Problem to work on: Only the stretch below from the line holding "Продается 3-комн. квартира, 94" through the line holding "27 Newtown Court, Hampton Bays, NY 11946" should be restated, word for word and with both ends included; pictures stay out.

Material for this exercise:
------------------------

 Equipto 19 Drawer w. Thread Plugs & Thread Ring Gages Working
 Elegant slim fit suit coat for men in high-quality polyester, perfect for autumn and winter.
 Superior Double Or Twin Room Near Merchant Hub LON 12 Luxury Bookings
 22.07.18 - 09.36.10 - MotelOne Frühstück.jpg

------------------------

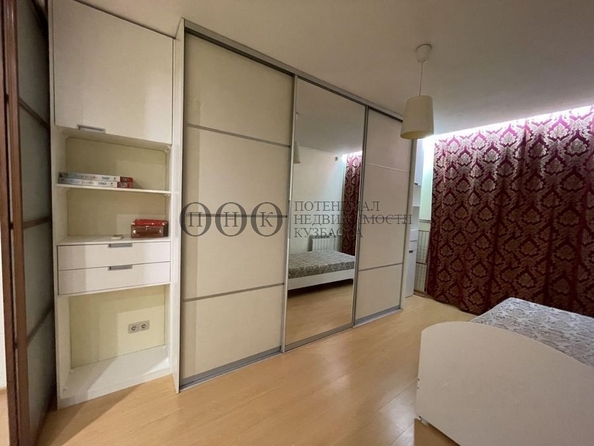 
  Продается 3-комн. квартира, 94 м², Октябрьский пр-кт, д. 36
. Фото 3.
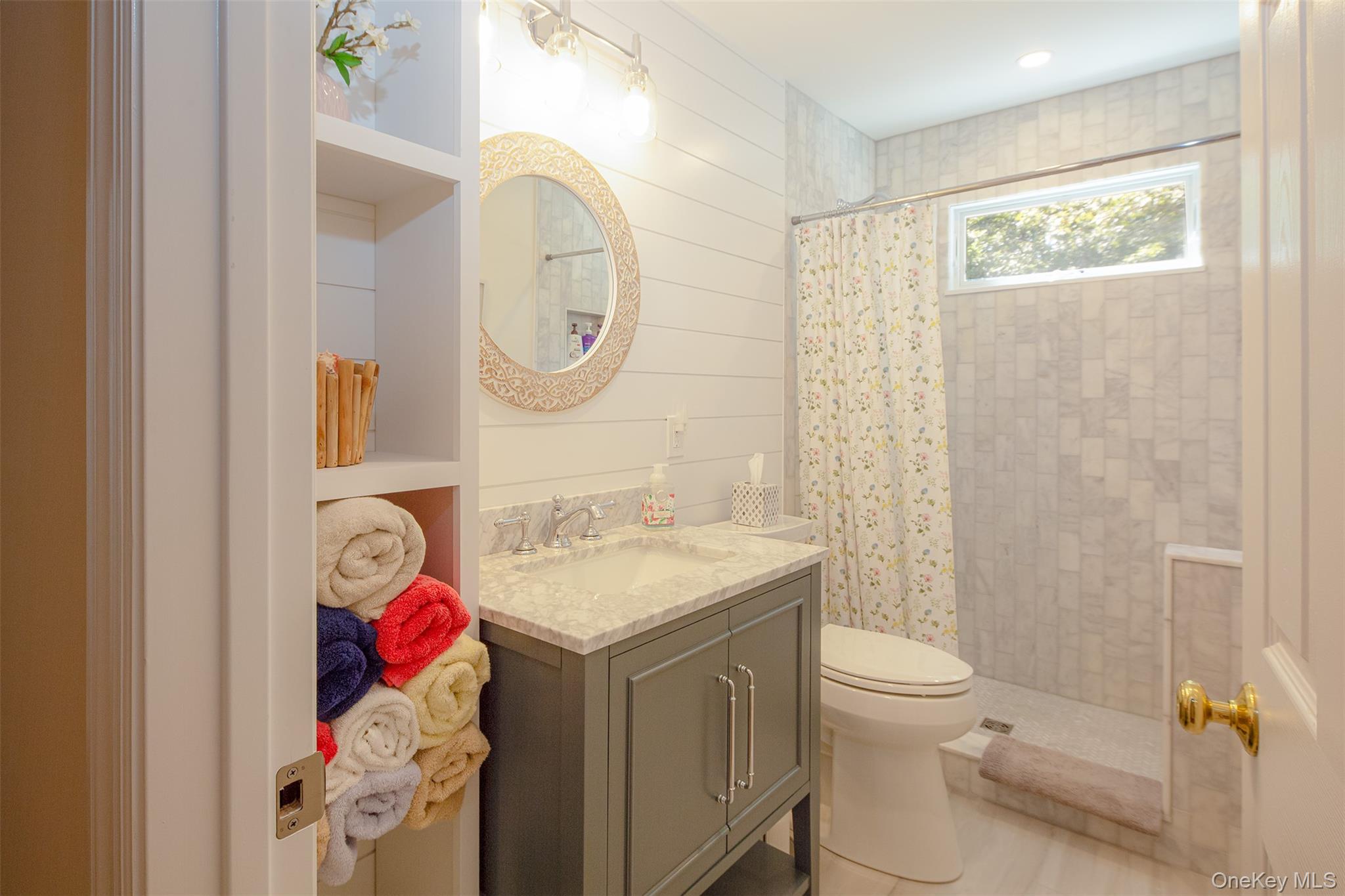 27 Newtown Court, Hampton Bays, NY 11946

------------------------

The answer:
  Продается 3-комн. квартира, 94 м², Октябрьский пр-кт, д. 36
. Фото 3.
 27 Newtown Court, Hampton Bays, NY 11946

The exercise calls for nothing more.